NAIROBI, July 10 – The Government plans to establish a National Construction Authority as one of its endeavours to facilitate the growth of small and medium enterprises in the construction industry, Public Works Minister Chris Obure said Thursday.
Obure, who reiterated the government’s commitment to the growth of the industry, said his ministry would be presenting proposals for establishing the Authority before the Cabinet by the end of July.
Speaking at a workshop for the construction sector on the Public Procurement and Disposal Act, Obure committed that the government would be availing more incentives to contractors, including training and credit facilities.
Obure said: “We are very concerned about the fact that they have no access to credit and the fact that the conditions of the contracts they enter have a lot of bottlenecks that make it impossible to raise capital. We are envisaging a situation where we will have to fully rely on our own contractors in the future.”
A similar body, the National Construction Corporation, went down in 1993 owing to corruption and mismanagement.
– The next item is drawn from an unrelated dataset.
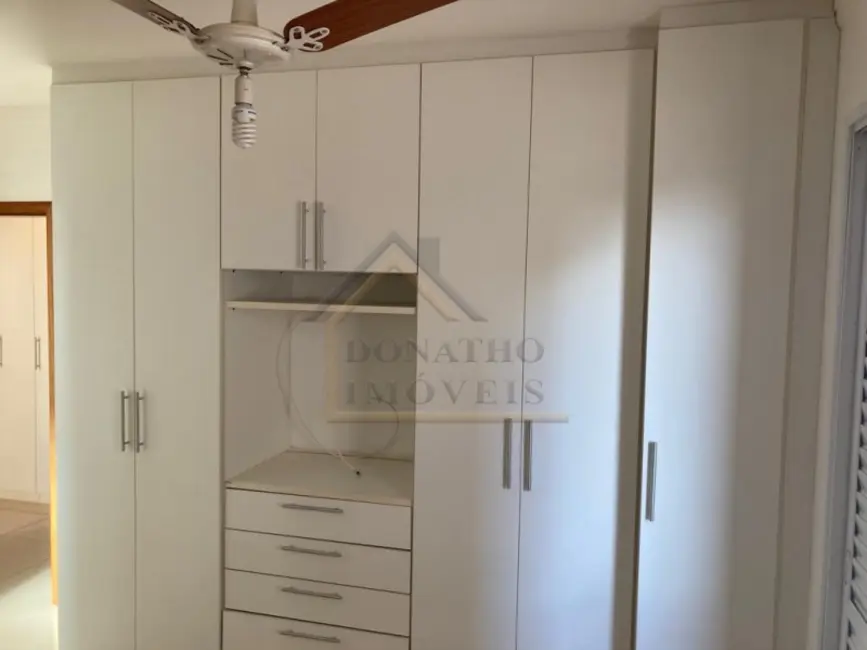 Foto 19 de Apartamento com 3 quartos para alugar, 115m2 em Jardim Paulista, Ribeirao Preto - SP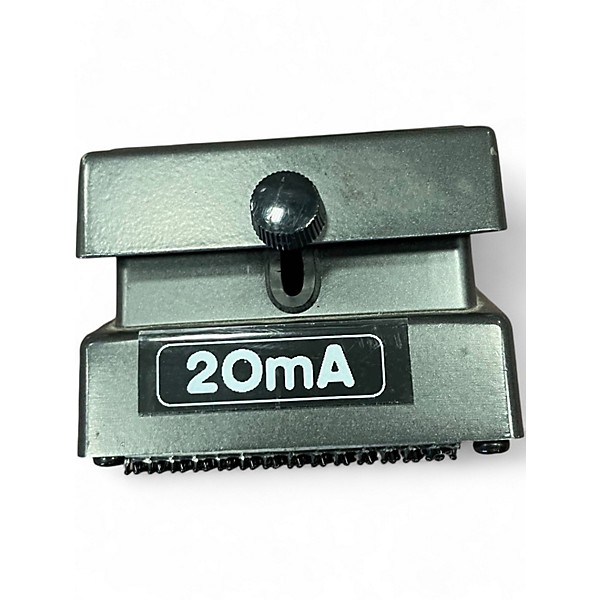 Used BOSS MT2 Metal Zone Distortion Effect Pedal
Since then small contractors have failed to secure massive projects for lack of funds and other resources.
The authority will pool together financial and technical resources for the contractors to access.
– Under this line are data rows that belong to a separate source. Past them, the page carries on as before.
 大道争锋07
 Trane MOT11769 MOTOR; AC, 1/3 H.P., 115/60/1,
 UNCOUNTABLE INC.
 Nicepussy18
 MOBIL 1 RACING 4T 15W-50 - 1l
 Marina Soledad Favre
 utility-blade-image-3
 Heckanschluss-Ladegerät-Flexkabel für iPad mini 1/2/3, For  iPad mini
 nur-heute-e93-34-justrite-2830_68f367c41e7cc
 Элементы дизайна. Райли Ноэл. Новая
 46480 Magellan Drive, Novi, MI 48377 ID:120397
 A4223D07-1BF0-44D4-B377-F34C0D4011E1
National coordinator of the Kenya Federation of Master Builders, Moses Mwihia, was at pains to explain to the Minister the tedious and limiting process of securing a tender for the small builders.
Already the Public Procurement Oversight Authority boss Robert Hunja said that they are consulting with insurance industry players to help contractors access bid bonds.
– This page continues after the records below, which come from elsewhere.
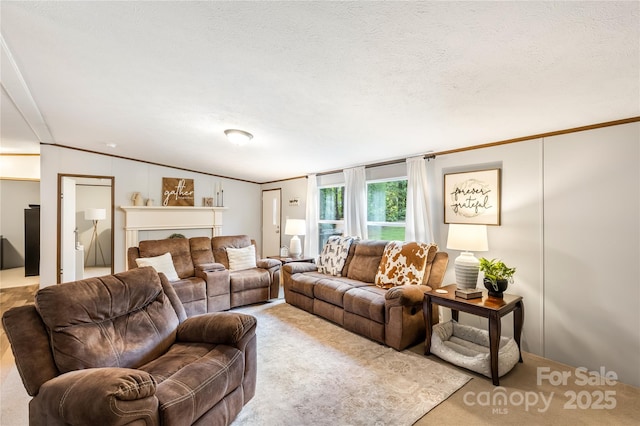 615 Red Leaf Ln, China Grove, NC 28023 - photo 10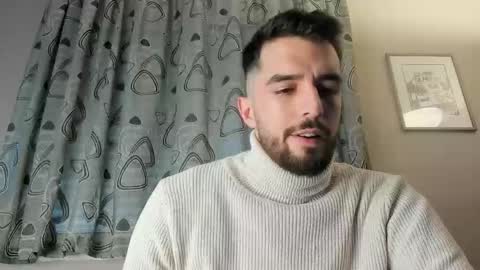 themmistokles online show from December 2024 12:01:02 PM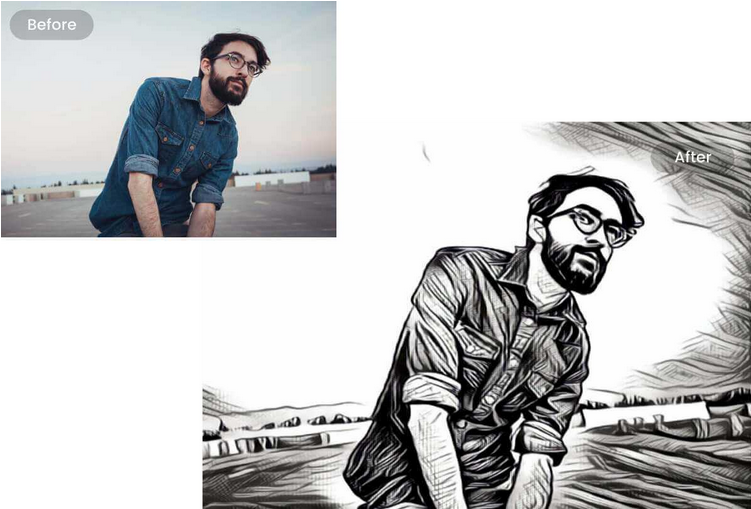 AI Guides Tutorials Easy With AI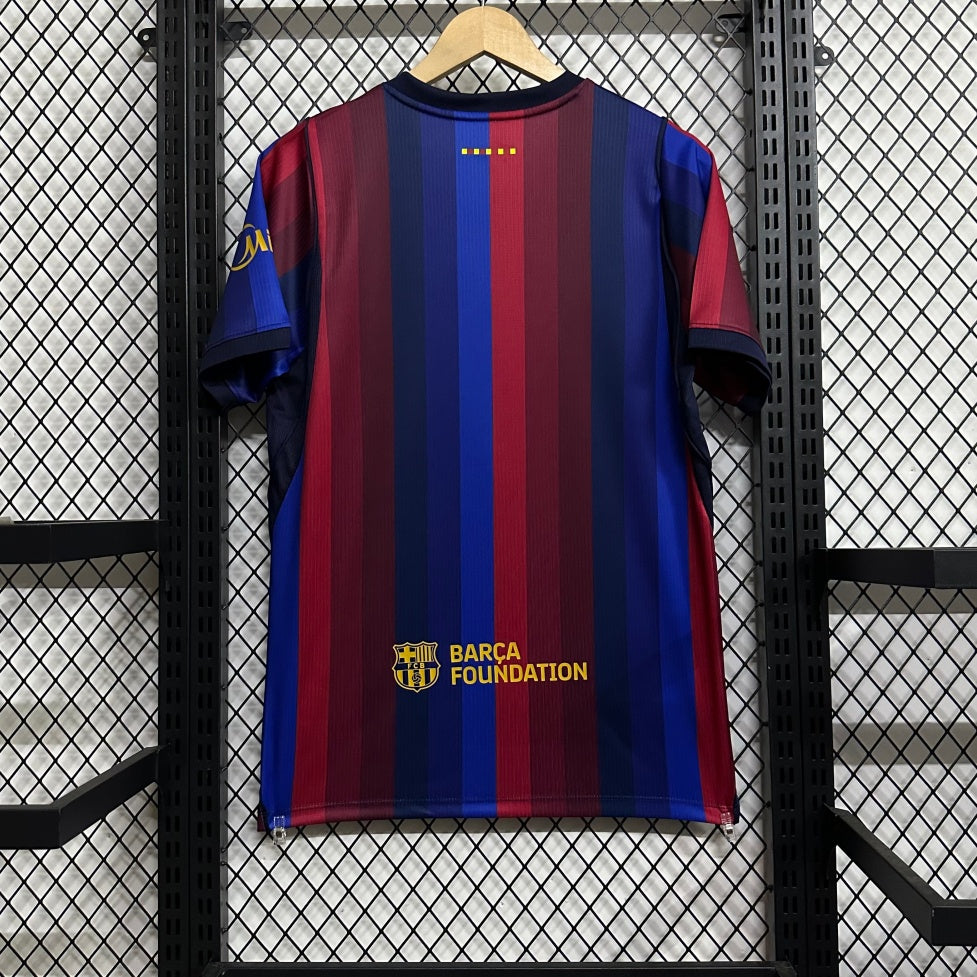 Maillot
Also in the pipeline is a Construction Regulatory Board to streamline the performance of the industry, and this would be placed before the Cabinet by the end of the year.
The Board will among other things register contractors and set performance standards for the industry. The Board’s proposal comes against a backdrop of increased public uproar over the poor performance of contractors, which has led to the collapse of an increasing number of buildings in the country, some of which have turned tragic.
In his presentation, the Minister stated that the Public Procurement Oversight Authority would be critical in streamlining the development of infrastructure in the country ahead of the Government’s economic development blue print, Vision 2030.
Proper procurement, he said, would save the country up to Sh12 billion annually.
“A reformed public procurement system will be a vehicle for delivering enhanced economic growth, optimised resource application, commitment control and timely delivery of services,” he added.